Angshu, sometimes it goes a long way if you are precise in the way you
state things or either people have great difficulty understanding what
exactly your problem is, or you come across as clueless, or both.
So, do keep in mind that it is the Bioperl SeqIO parser that does the
parsing, not load_seqdatabase.pl. Also, load_seqdatabase.pl doesn't
manipulate the sequence object returned by the parser, nor does
bioperl-db. If accession, identifier, and name have the same values,
then that is what the SeqIO parser does - and probably it does so for a
reason. If you don't like the way SeqIO builds the object then write
your own SeqProcessor as mentioned before and you are free to entirely
rearrange the object. If you feel the SeqIO parser is in error then
file or post a bug report, in which you will need to state what exactly
is it that you find to be in error.
So, please stop asking for files to be parsed correctly - they *are*
parsed correctly. Instead, take a moment to step back and read Sean's
email again and then stick to the advice given there:
1) What exactly is it out of those or any other files that you want
represented in biosql? Not a single one of your answers indicates that
you know the answer to this question. In other words, not a single one
of your answers indicates that you know precisely what you want. How do
you expect others to help you achieve what you want if you don't even
know what you want, let alone be able to explain it to others.
2) What have you tried to get what you need? Why did the outcome of
those attempts fall short of what you want? When doing so, do not label
software you used in the process as yielding 'incorrect' results unless
you can back that up with a solid bug report, because almost always the
one who is 'incorrect' is you, expecting things that you shouldn't have
expected, or executing things wrongly.
For example, you could state that 1) what you want is all A.thaliana
transcripts in a biosql database, with each bioentry ideally being a
CDS, or at least a transcript, with as much annotation as contained in
the input file, and that 2) you used the NC_* records in GenBank format
with load_seqdatabase.pl but found yourself with only the contigs as
bioentries, not the transcripts or CDS records.
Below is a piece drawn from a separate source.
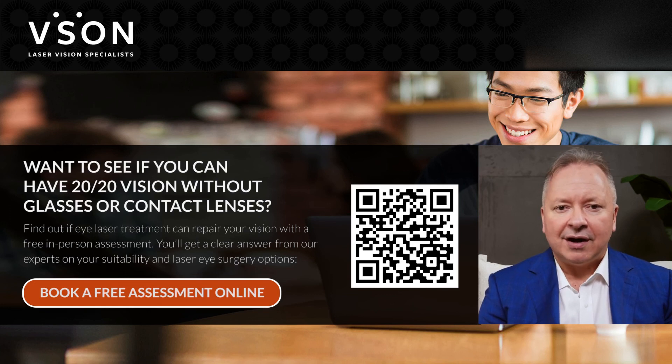You can book the appointment directly on our website, or you can call us if you prefer. You can even scan the QR code you see on the screen right now, which will link you directly to our online calendar where you can choose a time and date that suits you for a free initial assessment.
At this point, most people will have understood what your goal is, and
people more experienced in bioperl will also have understood that you
fell for a common misconception many people new to bioperl have, namely
to confuse features with the main entry (i.e., sequence).
It would then have been straightforward to point out that your desired
CDS annotation is surely present in your Biosql instance (if annotated
in the NC* record), but as rows in seqfeature because they were
features on the sequences as they came out of the parser.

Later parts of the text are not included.